Raise small business exemption from $300,000 to $1 million in total revenue. Raising the cap on exemptions – those businesses up to $300,000 now owe no margins tax – could encourage small business growth, Patterson said. It also acknowledges that revenue doesn’t always correlate to business size or profitability. For instance, you could be attempting to sell one expensive mink coat or a hundred pieces of costume jewelry.
What lawmakers likely were trying to do with the tax – especially through the option of either cost of goods or compensation – was to attempt to tap into a business’ ability to pay the tax, how profitable that business is or recognize that some businesses may be using more state services than their peers, Patterson said.
Raising the cap disassociates small businesses from the tax system while leaving their bigger brethren to pay the burden. Yes, a higher cap could be a goodwill gesture, but it also implies that the tax is implicitly bad, Patterson said. A sound tax system – in Texas or anywhere else -- should make sense and mirrors the economy. To exclude additional businesses implies the tax doesn’t work. "If we say that the tax doesn’t work for small business, aren’t we saying this tax doesn’t work?" asked Patterson.
Allow small businesses to include independent contractors in compensation. Patterson said she could think of no good reason to exclude independent contractors from the totals combined to calculate the compensation deduction. One argument that has been presented is that businesses would go ahead and hire people to avoid the margins tax. Patterson points out, however, incurs federal taxes that far outweigh the margins tax. The advantage is that the addition of independent contractors in the compensation exemption puts the compensation exemption on a more even playing field with cost of goods.
Create a 10-year business loss carry-forward. The goal is a noble one – recognizing that businesses that run in the red should not be subject to a tax – but it runs counter to the concept of a margins tax, Patterson said.
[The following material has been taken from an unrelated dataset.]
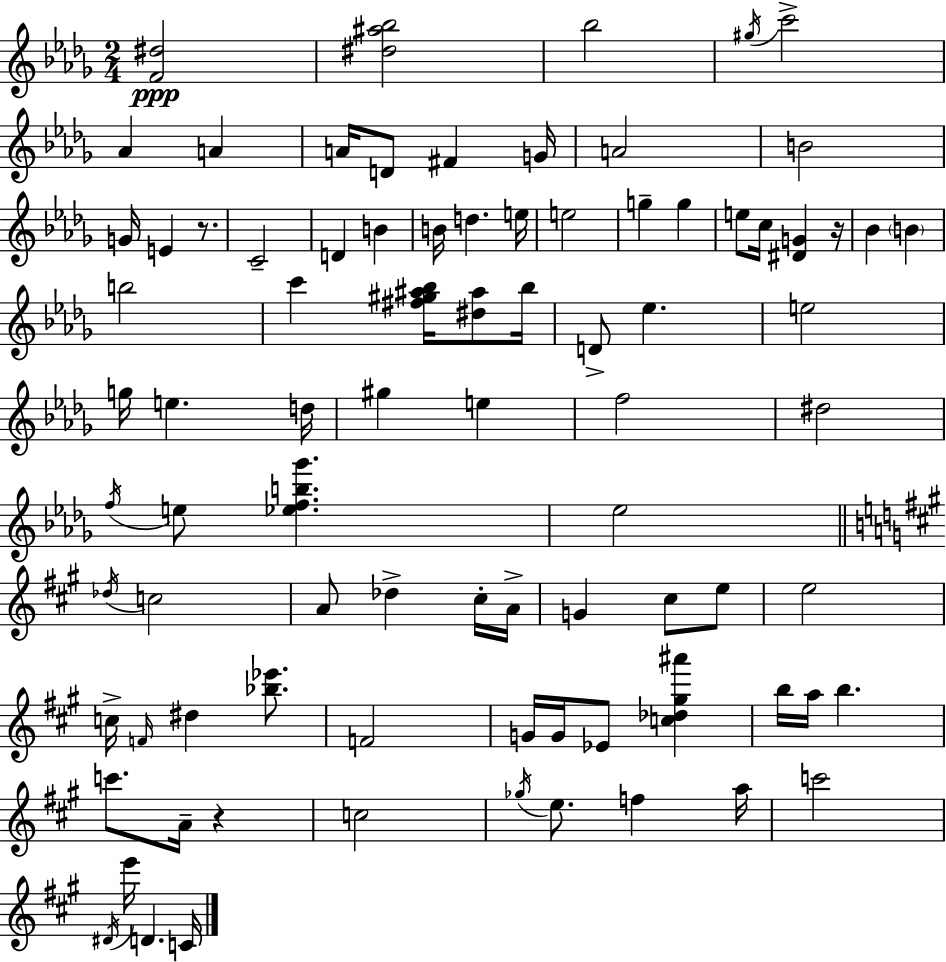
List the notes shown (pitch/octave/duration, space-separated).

[F4,D#5]/h [D#5,A#5,Bb5]/h Bb5/h G#5/s C6/h Ab4/q A4/q A4/s D4/e F#4/q G4/s A4/h B4/h G4/s E4/q R/e. C4/h D4/q B4/q B4/s D5/q. E5/s E5/h G5/q G5/q E5/e C5/s [D#4,G4]/q R/s Bb4/q B4/q B5/h C6/q [F#5,G#5,A#5,Bb5]/s [D#5,A#5]/e Bb5/s D4/e Eb5/q. E5/h G5/s E5/q. D5/s G#5/q E5/q F5/h D#5/h F5/s E5/e [Eb5,F5,B5,Gb6]/q. Eb5/h Db5/s C5/h A4/e Db5/q C#5/s A4/s G4/q C#5/e E5/e E5/h C5/s F4/s D#5/q [Bb5,Eb6]/e. F4/h G4/s G4/s Eb4/e [C5,Db5,G#5,A#6]/q B5/s A5/s B5/q. C6/e. A4/s R/q C5/h Gb5/s E5/e. F5/q A5/s C6/h D#4/s E6/s D4/q. C4/s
It’s a mismatch between a negative net income and a positive gross income. A margins tax is based on a business having a margin of profit. That margin is what is being taxed.
The carry-over concept, while good in concept, is outside the scope of what the tax is intended to do. If the goal was to give tax relief to an unprofitable business, then the easiest way to do that would be to exclude or exempt businesses having a federal income tax loss. Of course, that also could lead to gaming the system, Patterson said. Such a proposal would require additional safeguards be considered.
Allow federal contractors to subtract the cost for the sale of goods or services to the federal government from the taxable margin. This may be good economic development policy, but it’s not so good as tax policy, Patterson said. It would allow taxpayers to exclude goods, even though the taxpayer does not own the goods. It also provides deductions for the cost of services, which would be a departure from the margins tax. This would clearly give a benefit to capital-intensive industry, but there’s nothing magical in being a contractor for the federal government, Patterson said. It provides an additional kind of benefit to federal contractors.